SV : 8 à 10 mois à peu près, couleur incluse (1 mois et demi). Je fais très attention à la couleur. Je travaille sur du A3, je fais les 15 premières planches, et une fois qu’elles sont validées, je fais les encrages et le reste.
Qu’est ce que tu penses de ton personnage Joanovici, ce juif collabo au comportement pour le moins ambigu ?
SV : Je pense la même chose que ce que pense le lecteur : je n’ai jamais d’idée définitive sur le personnage. Ce qu’on fait avec Fabien, c’est un travail de présentation à partir de tous les éléments récoltés. La vraie question, c’est de savoir comment on allait présenter ça. Alphonse Boudard, par exemple, dans L'étrange Monsieur Joseph, en fait un héros. C’est un très bon livre pour découvrir le personnage, sauf qu’il le dédouane. Un moment, t’en lis un autre : le bouquin te présente le collabo pourri. Alors moi, qu’est-ce que je raconte, quand t’as lu tout et son contraire ? Fabien a donc choisi de maximiser le paradoxe et d’aller à fond dans cette direction. On ne cherche pas à juger, mais à présenter les choses en maximisant l’ambiguïté. Dans le dessin, j’essaye de faire ça aussi : je sais que mon personnage est parfois touchant, il a une tête de maquignon, il est finalement plutôt sympathique, hâbleur, brillant orateur. Il a ce côté extrêmement séduisant, touchant, mais aussi extrêmement manipulateur. Donc dans le dessin, il faut que je trouve un réglage à chaque fois qui me permette de le faire basculer de l’un à l’autre. Ça se joue à peu de choses : un sourcil osé, un œil plus ouvert, plus perçant, plus profond, un placement de pupille.
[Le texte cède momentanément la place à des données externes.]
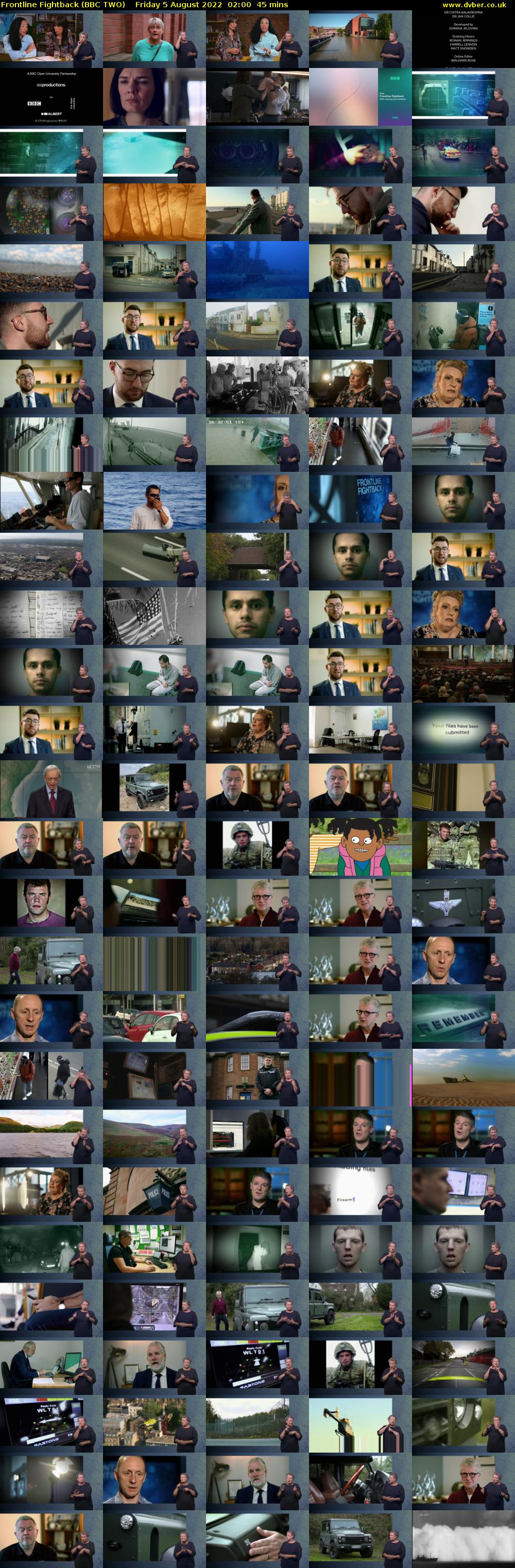 Frontline Fightback (BBC TWO) Friday 5 August 2022 02:00 - 02:45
D’où la précision du trait crayonné que vous voyez là. J’ai choisi un mode simple et accessible de représentation : ligne claire, couleur directe, pas de contemplation. Le propos est lourd, parfois difficile à traiter, il faut donc que le véhicule soit confortable pour emmener le lecteur vers des choses peut-être difficiles à lire. Tant que je n’aurai pas vécu tous les moments de dessin, je ne pourrai pas me faire une idée définitive du personnage. Evidemment on le sait, c’est un salaud. On essaye simplement d’expliquer pourquoi il est devenu un salopard. Rien n’excuse son comportement aussi, c’est toute l’ambiguïté et le charme de Joanovici.
Est-ce que le succès public, et même critique, change ton regard sur la BD et ta manière de l’appréhender ?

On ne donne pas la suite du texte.